You mostly don't self-experience. Mostly you experience what's going on around you, and what you're doing and physically feeling. Mostly, you don't act consciously. But when you direct attention at your own experiencing, or at your own actions in a deliberate way, a subsystem dedicated to that task wakes up and provides you with a homunculus self-model. That would be the 'I'.
And how do you get from a homunculus self-model to the subjective experience of the colour blue? (Or any other colour?)

...Which would be a subjective experience that seems to have curiously objective elements to it, because colours have been shown to correlate with specific sensations and associations across populations.

And then there's the much deeper question of the extent to which quantum phenomena need an objective observer.

If you think that question is trivial, try to design an experiment which provides objective evidence of change without ultimately relying on the subjective experience of a human experimenter.

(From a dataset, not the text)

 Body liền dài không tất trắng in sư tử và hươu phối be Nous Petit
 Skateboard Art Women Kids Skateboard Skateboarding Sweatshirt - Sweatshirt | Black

They're separate, of course. People tend to over-attribute things to their consciousness. Blue is an analysis and categorization being done by the visual processing part of your brain. That part of your brain is grown by basically the same genes as everyone else's. It would be more surprising if it wasn't similar in operation.

Your subjectivity is your brain is you. But only tiny scraps of it are consciously accessible. Nearly all of it just does, it doesn't reflect on the doing. You only notice your visual processing when you force it to glitch or strain with optical illusions and the like.

As for the quantum stuff, it doesn't need a conscious observer at all. This is why an experimental qbit can decohere in a sealed box no human could possibly peek into. What it needs is one interaction whose result is contingent on state - that's a "measurement" or in unintentionally confusing terminology, an "observation".